I want to suggest that all these messages are dangerous and tend to perpetuate a form of systemic violence. Everyone of the sentiments listed above presumes that powerful Catholics (especially ordained ministers) should begin by identifying themselves with Jesus, especially the suffering Jesus who quietly bears his pain out of love. The problem, however, is that these sentiments assume that we already know how to love; we simply need to courageously persist.
Good Friday offers us an opportunity to listen to the story of Jesus’s Cross in a way that challenges these triumphalist assumptions. One of the central messages of Good Friday is that, long before we can begin to see ourselves as Jesus, we must first learn to see ourselves as the crucifiers. To that end, I would suggest that we focus our attention on the role of the centurions in the Gospels of Matthew, Mark, and Luke. In all these Gospels, the centurion is a figure who, having just murdered Jesus, comes to the horrifying realization that they have not only killed an innocent person, but they have killed the Son of God.
My favorite version of this story is found in the Gospel of Matthew. In this gospel, the moment of Jesus’s death is accompanied by terrifying darkness and earthquakes. Filled with fear, the centurions say, “Truly, this man was God’s son!” God literally shakes the centurions out of their ignorance, giving them the gift of knowing their own sin. When crucifying Jesus, the centurions undoubtedly believed they were doing what was right. They were convinced of their righteousness. Often it takes the experience of darkness and terror to make us see that our own violence and its victims are staring us straight in the face. I would encourage all Catholics who feel misunderstood, ostracized, and attacked by the Queer community to consider the possibility that the derision and anger we are experiencing may be the darkness and the earthquakes we have earned. We should consider the possibility that God is calling us to conversion.

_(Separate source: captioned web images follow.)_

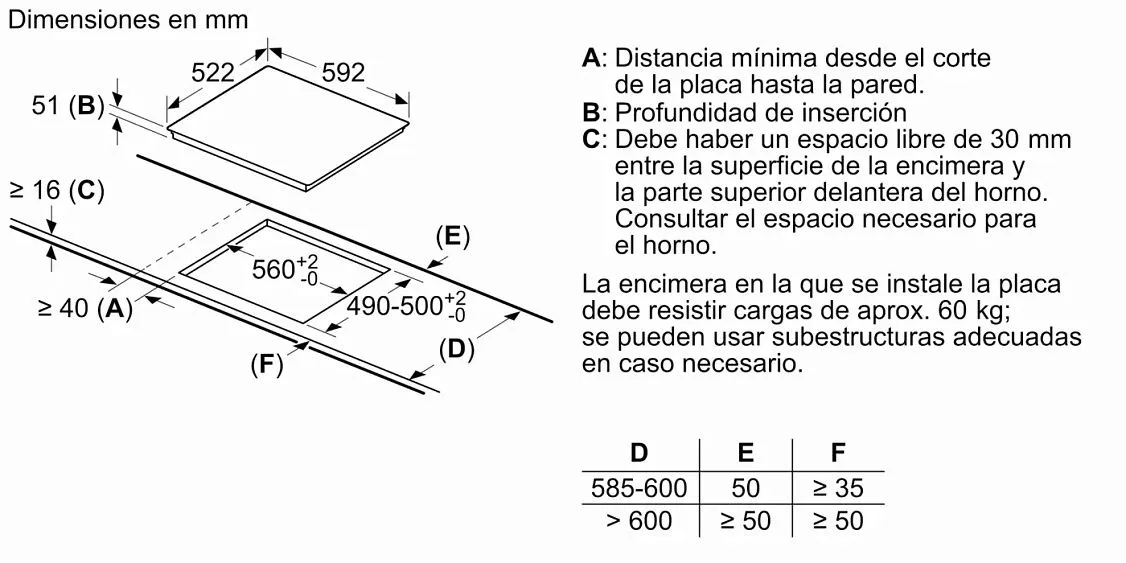 Варочная поверхность BOSCH PUJ631BB5E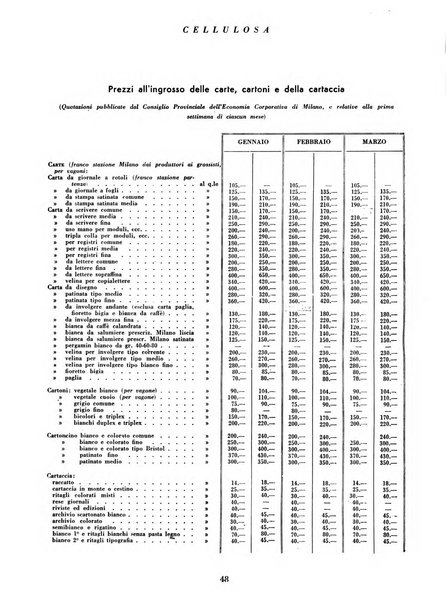 Cellulosa Bollettino ufficiale dell'Ente Nazionale per la cellulosa e per la carta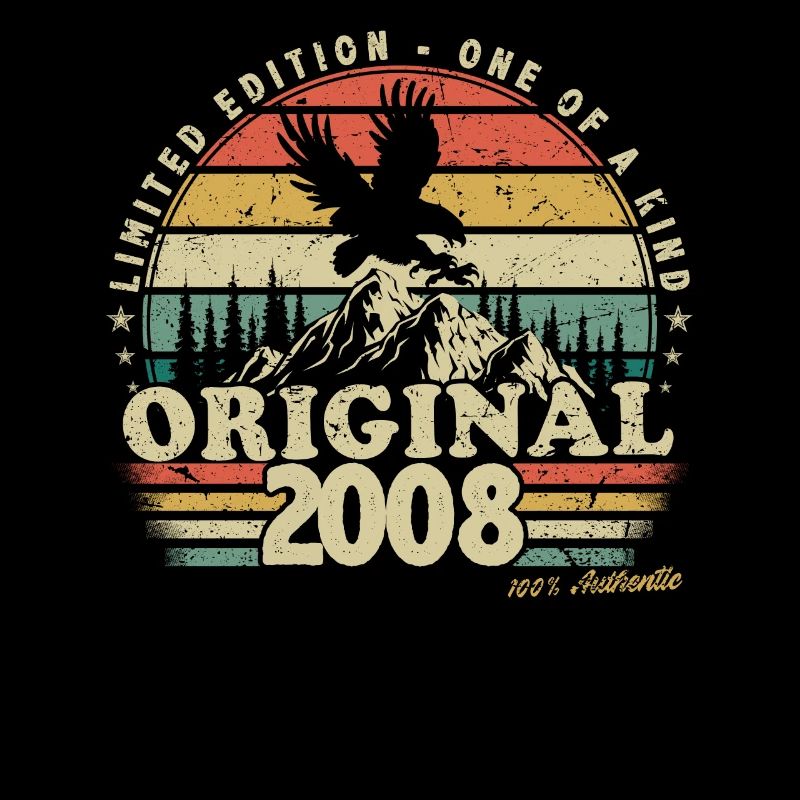 2008 Birthday Perspective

Truly considering this possibility involves a willingness to see that anger as grace. So, when administrators encourage the UP community all to remain positive, to be respectful, and to avoid sowing division, that request could be interpreted as tantamount to chastising God for the darkness and the earthquakes, or critiquing Jesus for cleansing the Temple. The anger of the Queer community is a grace-filled, divine instrument. The question for Catholics is: do we have the competence to see our sin? Without this competence, any courageous acts of ministry run the risk of simply continuing the crucifixion.
On Good Friday, of all days, we should stop trying to unite our suffering to Jesus’s suffering and instead be willing to recognize that our violence is united to the violence of the centurion. Perhaps then, like the centurion, we can begin to recognize the presence of Christ in the Queer community where we have been so consistently denying it. Perhaps then, we will have the competence to see the beauty and dignity of the queer love that we have been crucifying. We can instead unite our voice with the centurion’s voice and say, “Truly, these are the children of God.”
While the preceding message is intended primarily for Catholics, I want to close with a note of acknowledgment and apology specifically to the Catholic and non-Catholic, Queer community at UP. As is the case with my participation in all systemic violence, I am trying to better understand the depth and severity of the trauma and harm that Catholic institutions have inflicted and continue to inflict on your community. When you repeatedly say you do not feel safe, I deeply believe you, as do many of my colleagues here at UP. I will be working to follow the lead of your community in the fight for the justice and inclusion you deserve.